┌─ Record set

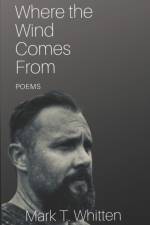 WHERE THE WIND COMES FROM: POEMS af Mark Whitten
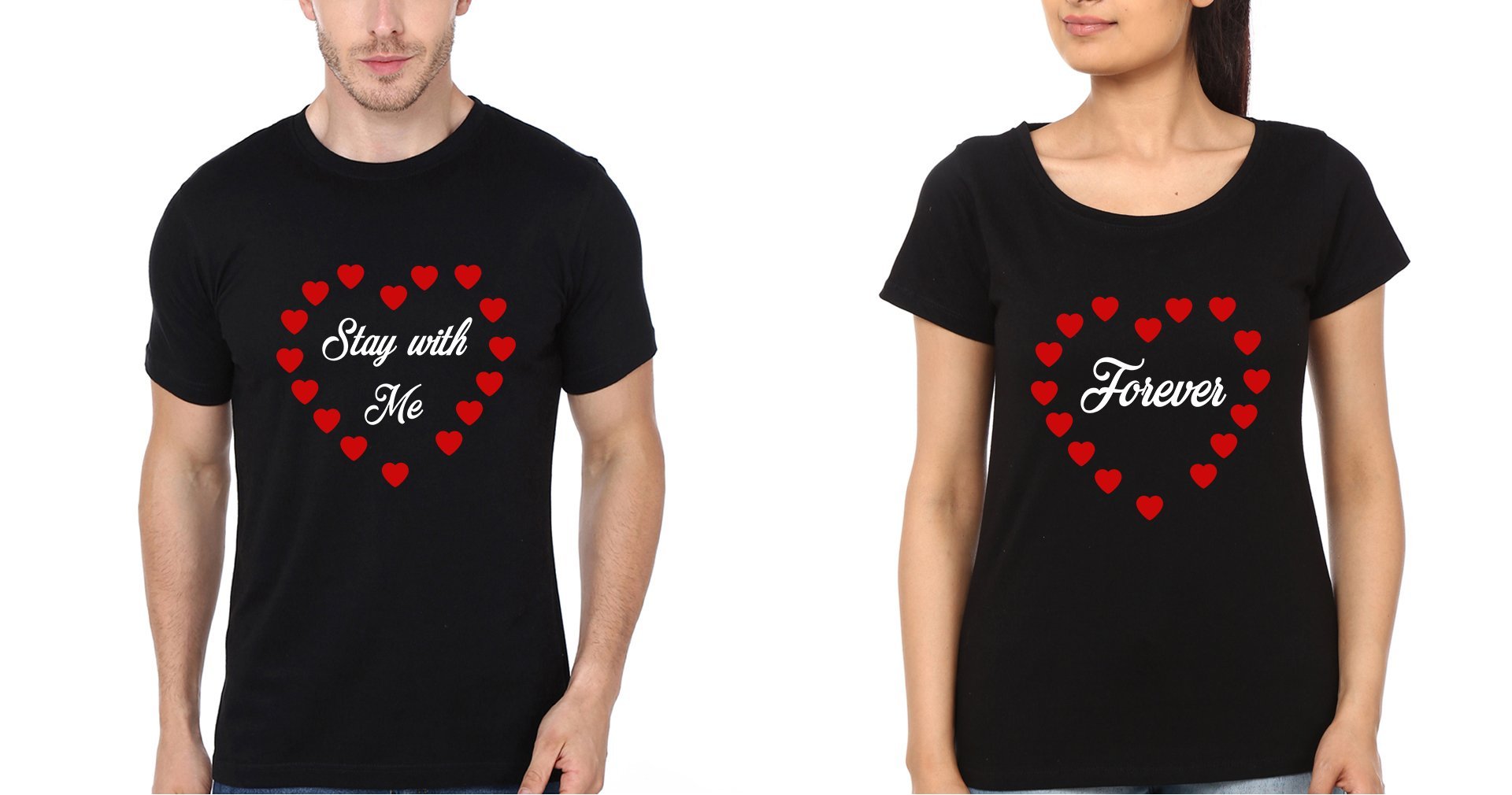 Stay With Me Forever Couple Half Sleeves T-Shirts -FunkyTees
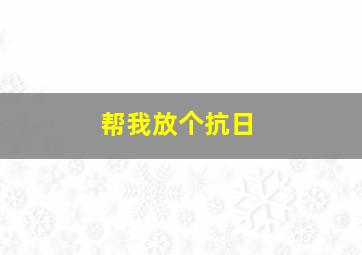 帮我放个抗日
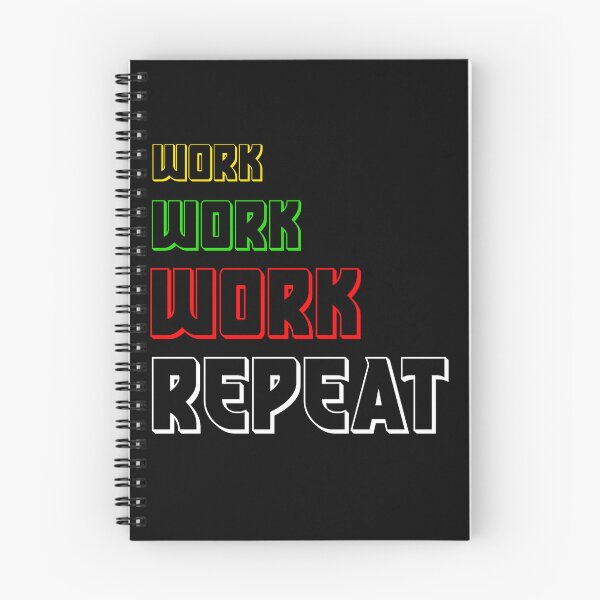 Item preview, Work Work Work Repeat Work Hard  Design  designed and sold by Panya-Design.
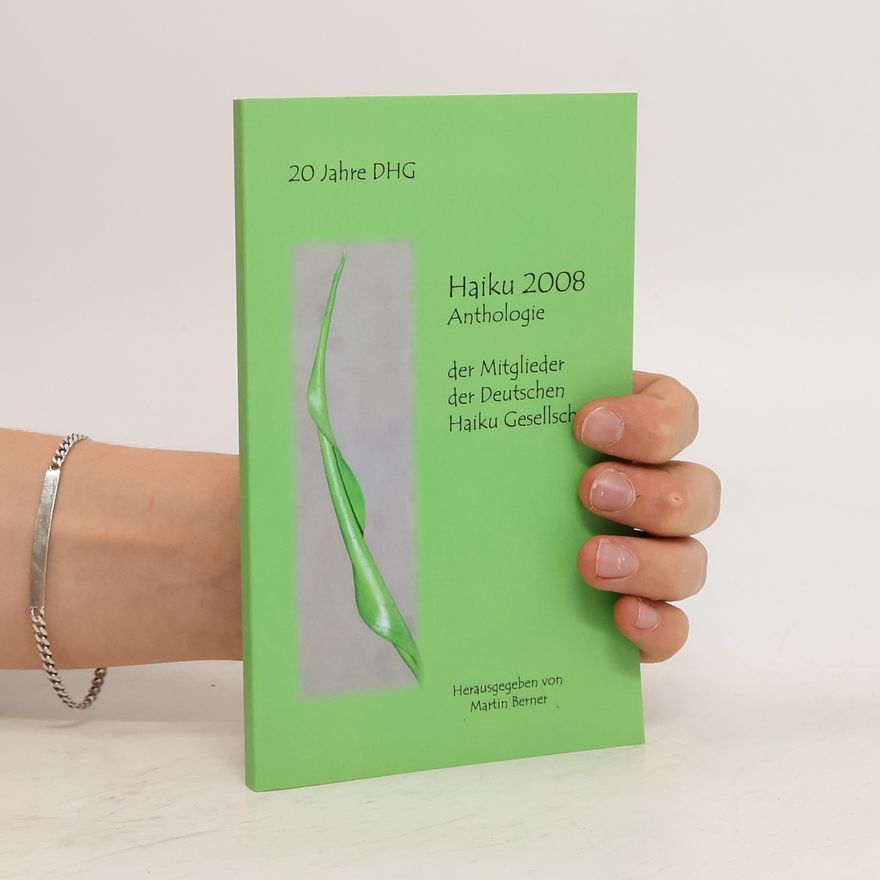 Martin Berner Haiku 2008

└─

- [Work order]:
Print the records exactly and omit all pictures.

- [Response to this task]:
 WHERE THE WIND COMES FROM: POEMS af Mark Whitten
 Stay With Me Forever Couple Half Sleeves T-Shirts -FunkyTees
 帮我放个抗日
 Item preview, Work Work Work Repeat Work Hard  Design  designed and sold by Panya-Design.
 Martin Berner Haiku 2008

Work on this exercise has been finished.